Captioned web image data:

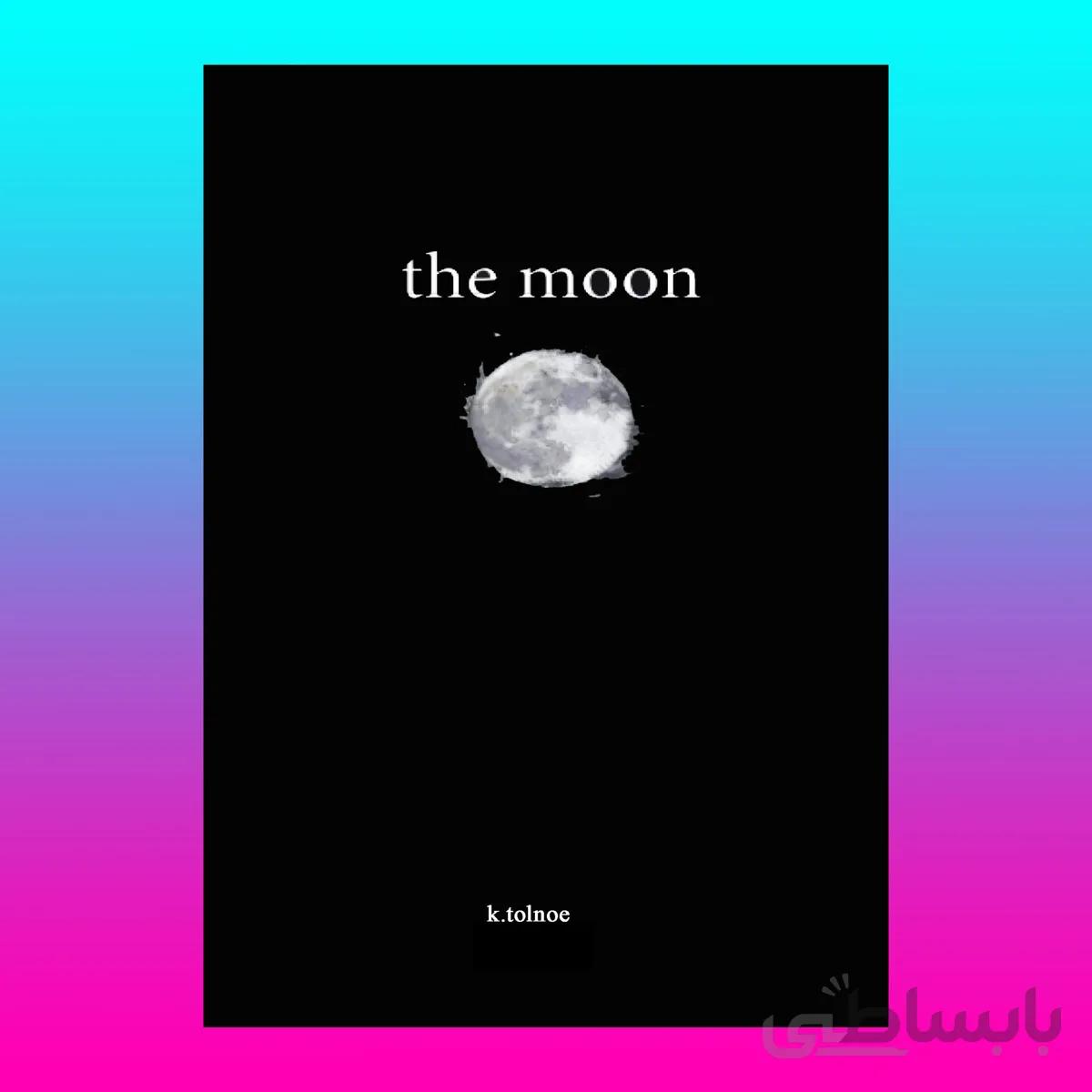 the moon (the northern collection)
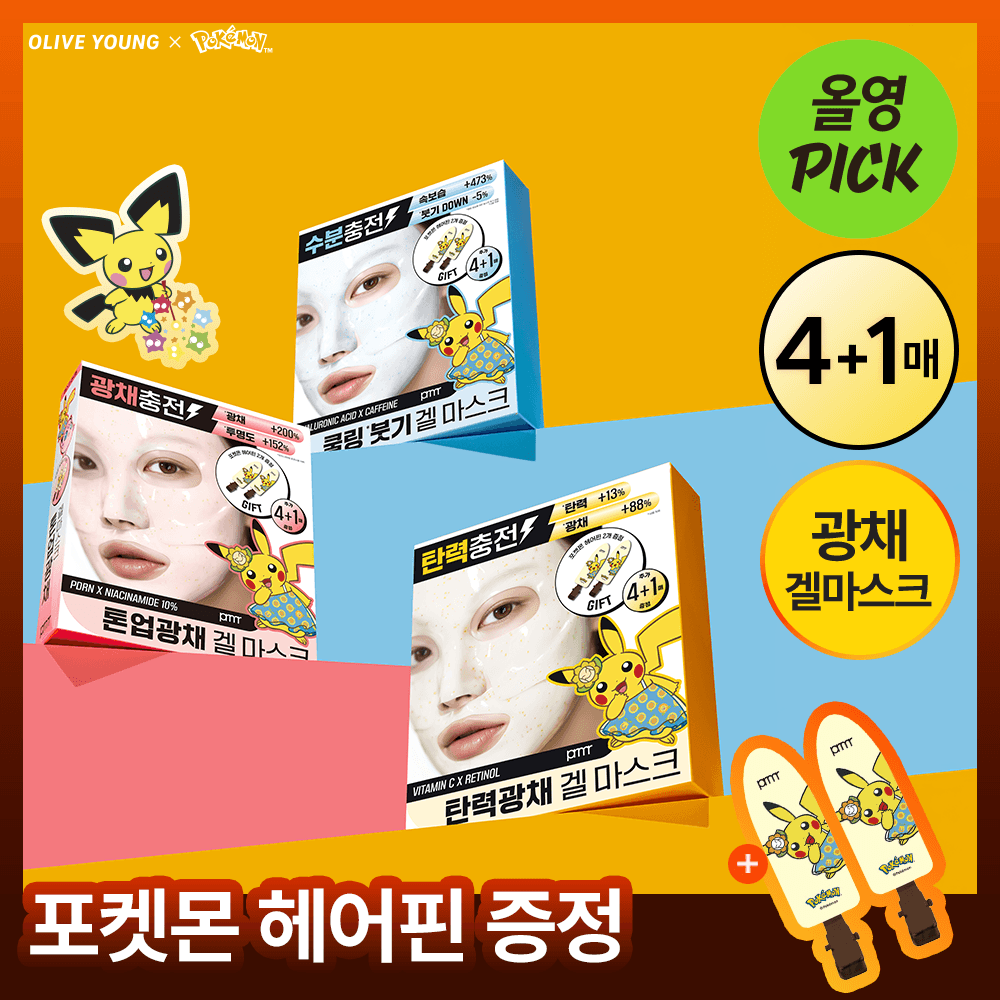 primera Vitatinol Serum 30g 1+1 / GelMask 4+1Sheets Special Edition 4-Type Set - view 2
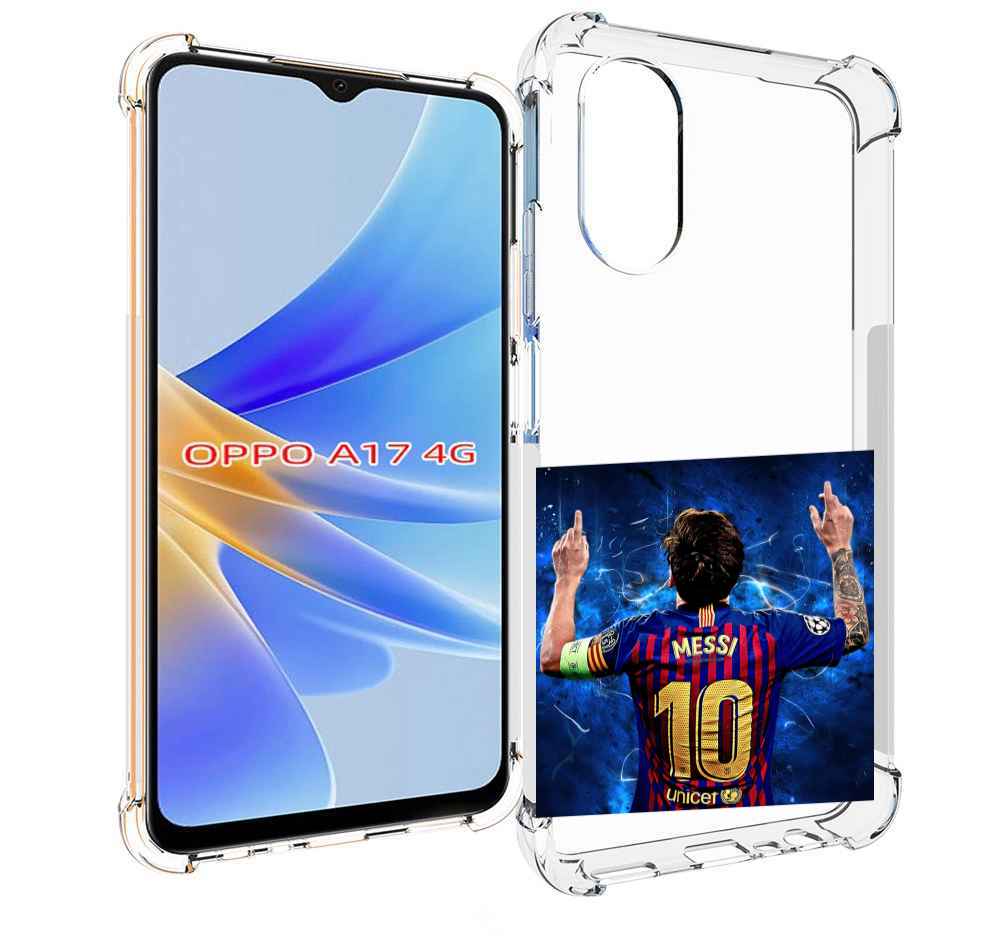 

Чехол MyPads Месси-10 мужской для OPPO A17, Прозрачный, Tocco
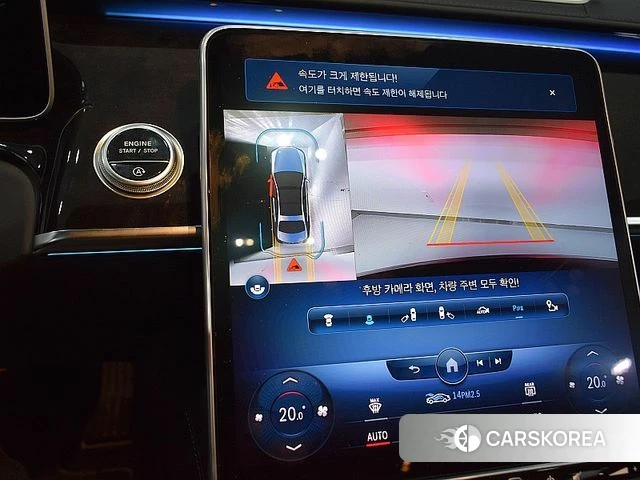 Mercedes-Benz S-Class W223 2022 Синий из Кореи, фото 2
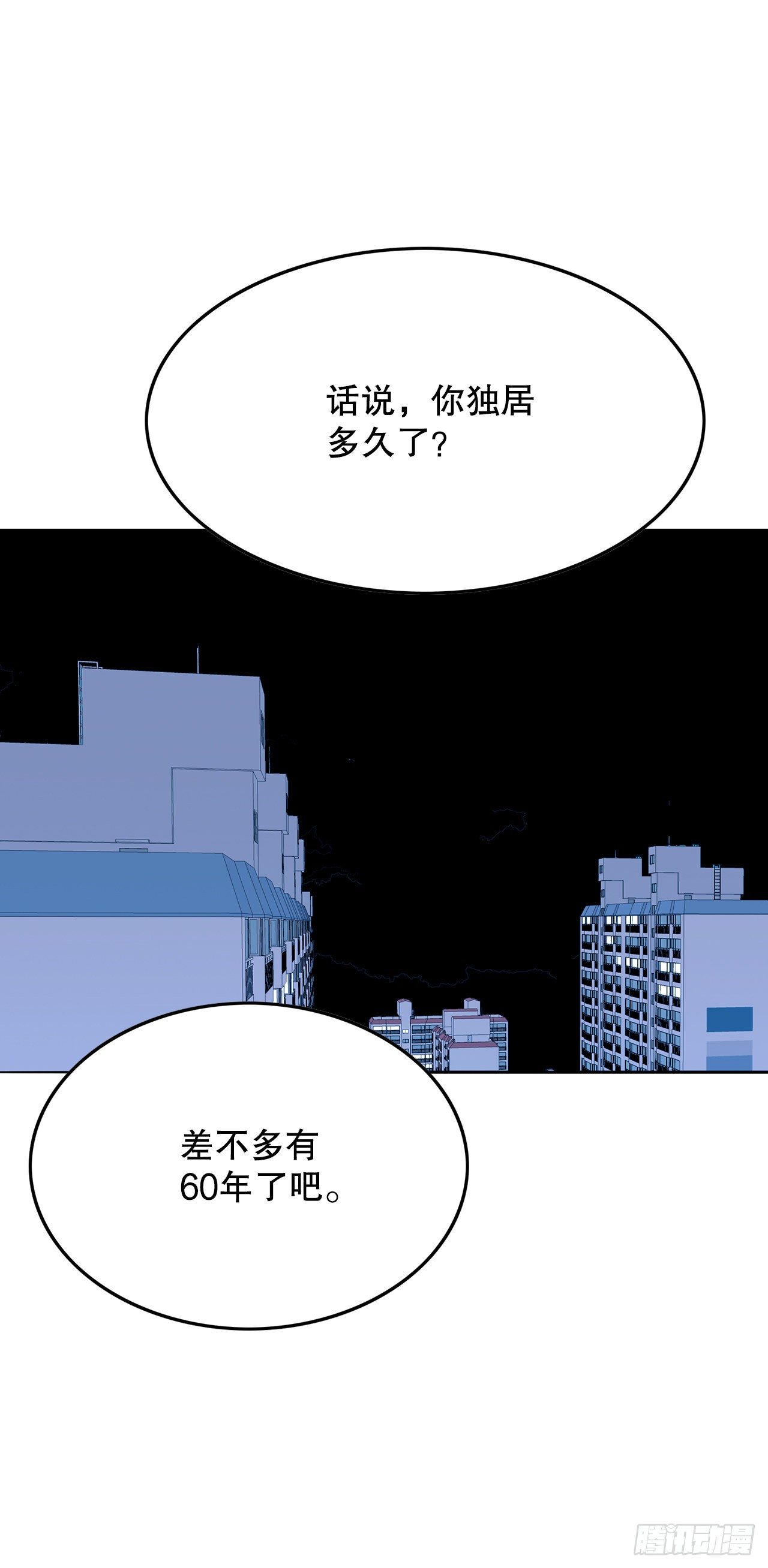 3.从何教起(1/3)-第4话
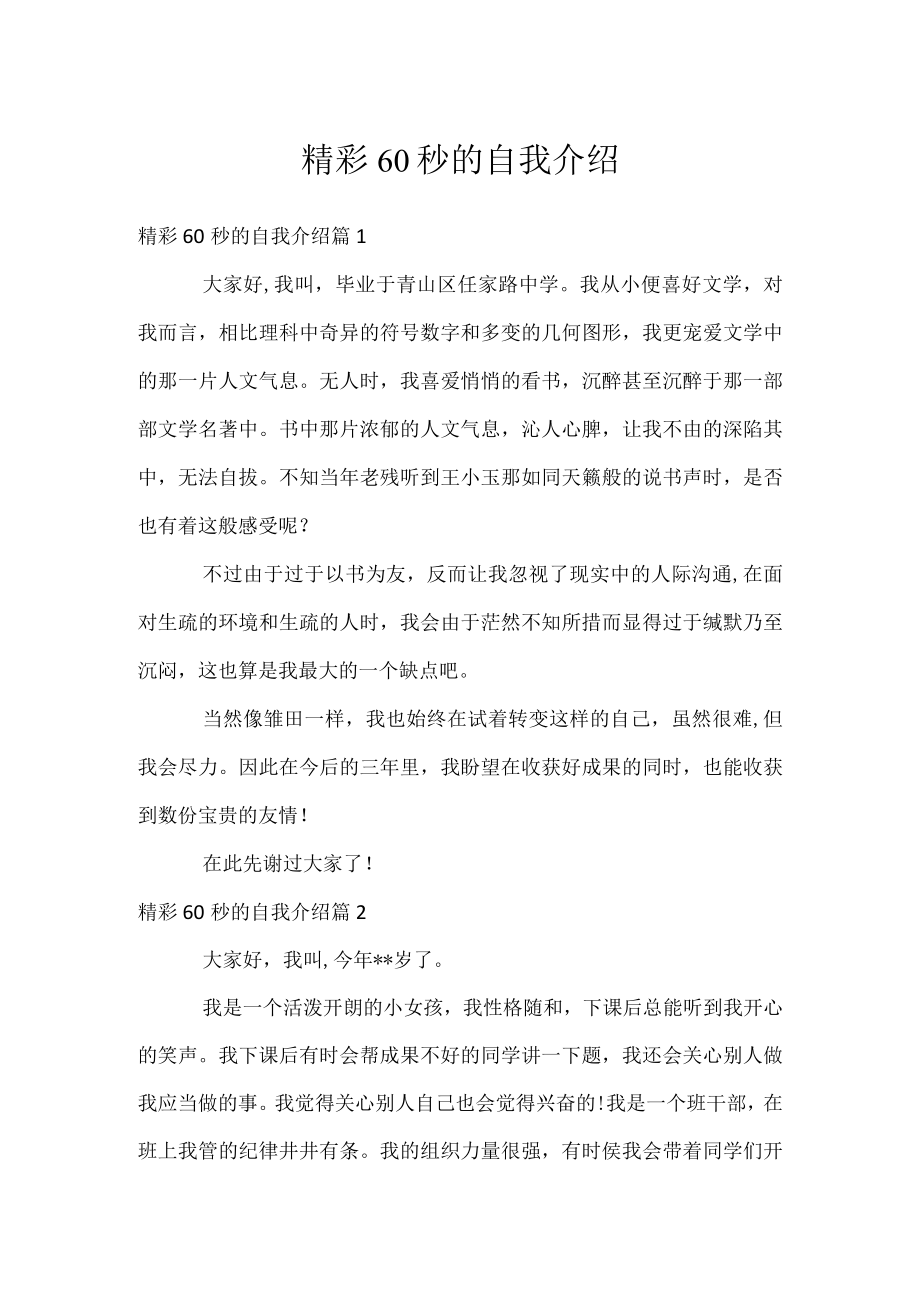 精彩60秒的自我介绍.docx_第1页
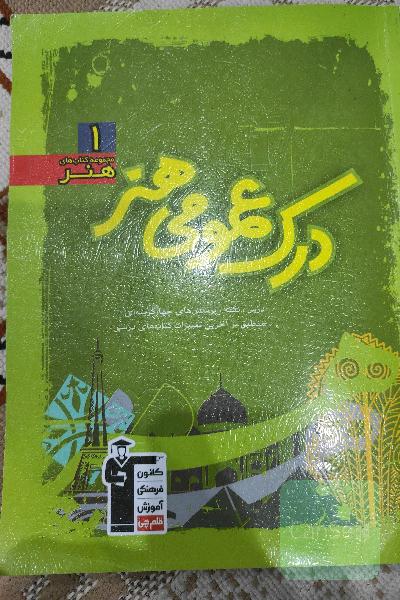 کتاب درک عمومی سبز قلم چی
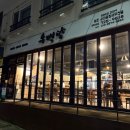 수백당제주이도점 이미지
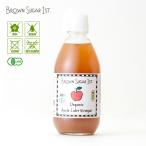  иметь машина Apple носорог da- уксус 300ml BS1ST иметь машина JAS органический яблоко уксус уксус Brown shuga- First 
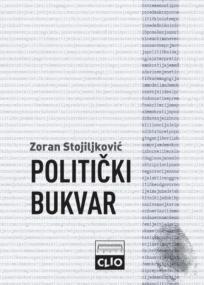 Politički bukvar: Šta bi trebalo znati o politici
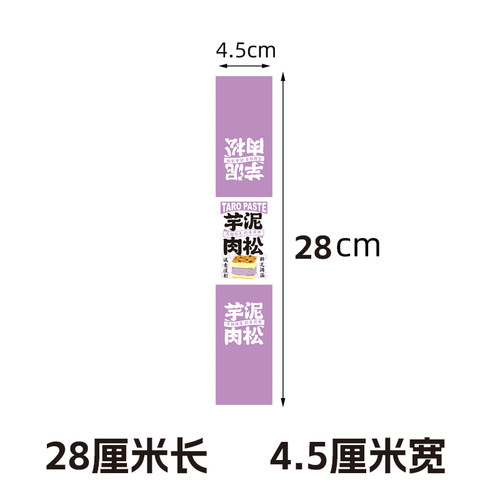 芋泥肉松蛋糕包装标签虎皮卷贴纸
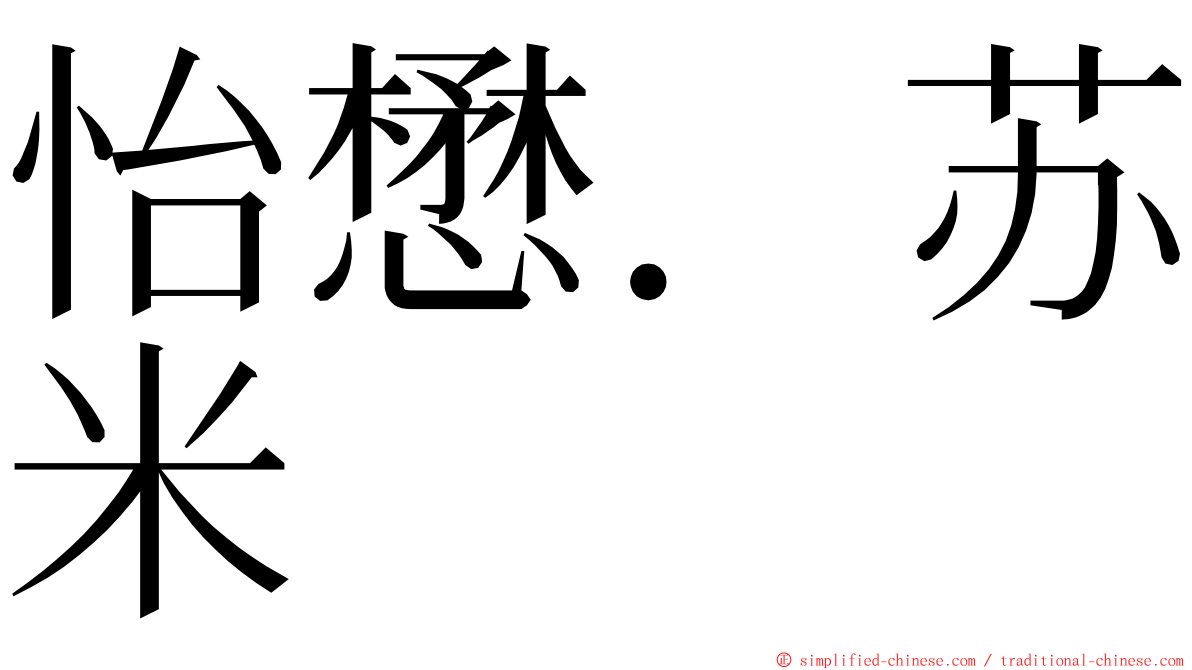 怡懋．苏米 ming font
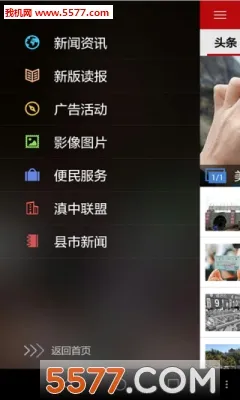 ��������2026���°汾v6.0.2 ��׿��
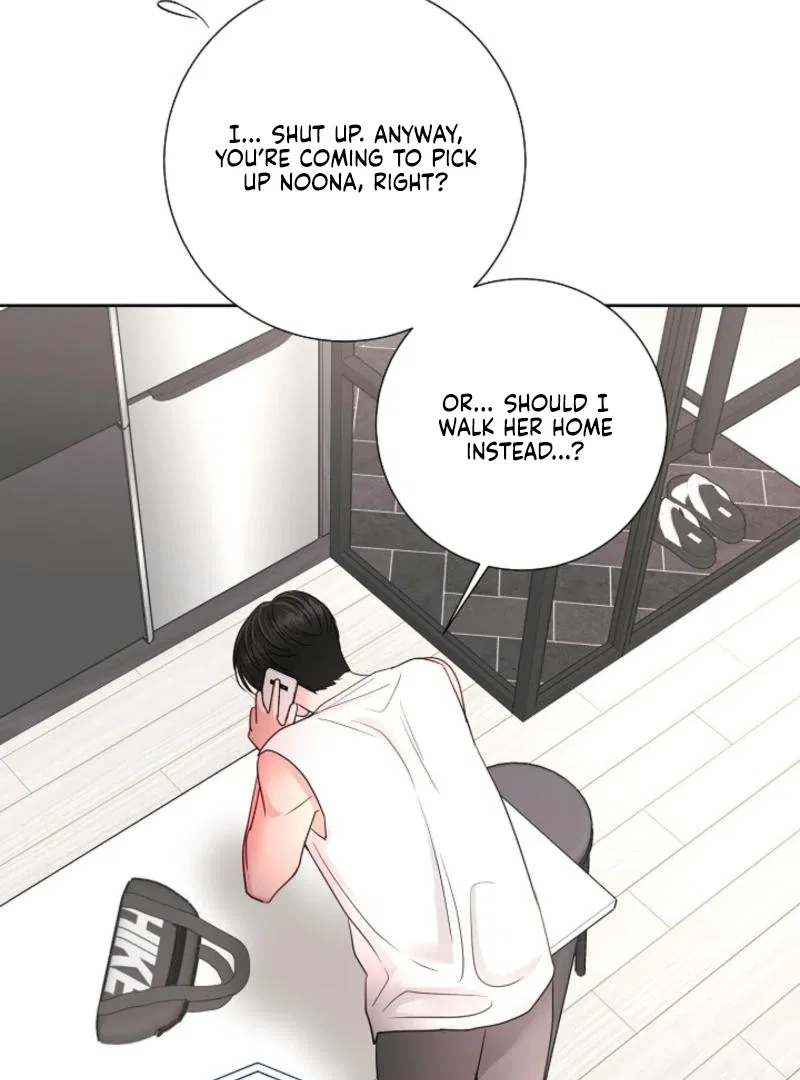 The Summer When You Came Chapter 8 – Page 61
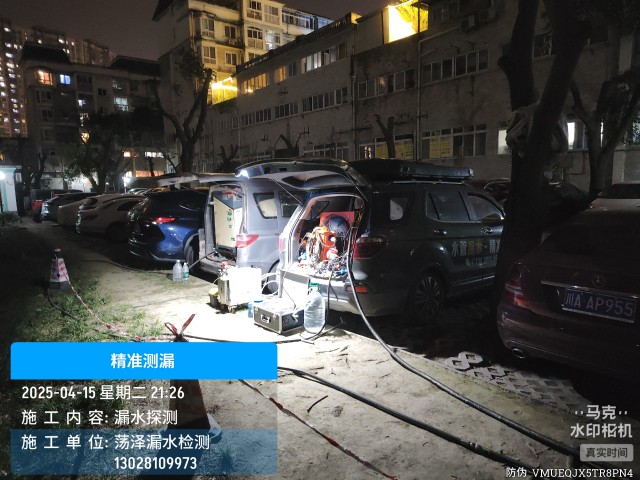 蚌山消防水管漏水检测维修公司电话服务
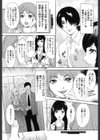 人妻悶絶交尾〜奥様たちの性のお悩みイッパツ解決〜試し読み6ページ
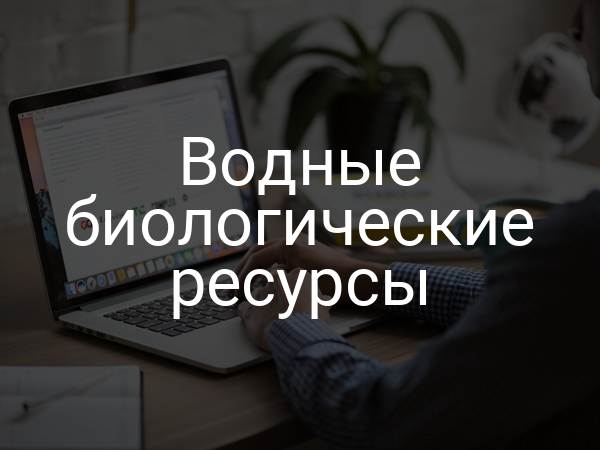 Водные биологические ресурсы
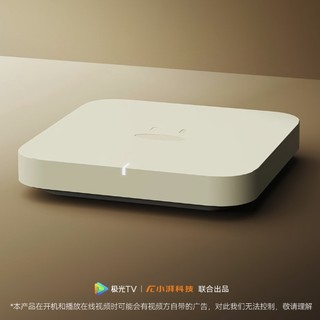 Tencent 腾讯 极光盒子6 8K智能网络电视机顶盒 4+64G 高清HDR10+ 双频WiFi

YOUR INSTRUCTIONS: The copy should hold exactly the lines from the one containing "蚌山消防水管漏水检测维修公司电话服务" through the final line of the records above, both ends included, and no picture.

EXERCISE RESULT:
 蚌山消防水管漏水检测维修公司电话服务
 人妻悶絶交尾〜奥様たちの性のお悩みイッパツ解決〜試し読み6ページ
 Водные биологические ресурсы
 Tencent 腾讯 极光盒子6 8K智能网络电视机顶盒 4+64G 高清HDR10+ 双频WiFi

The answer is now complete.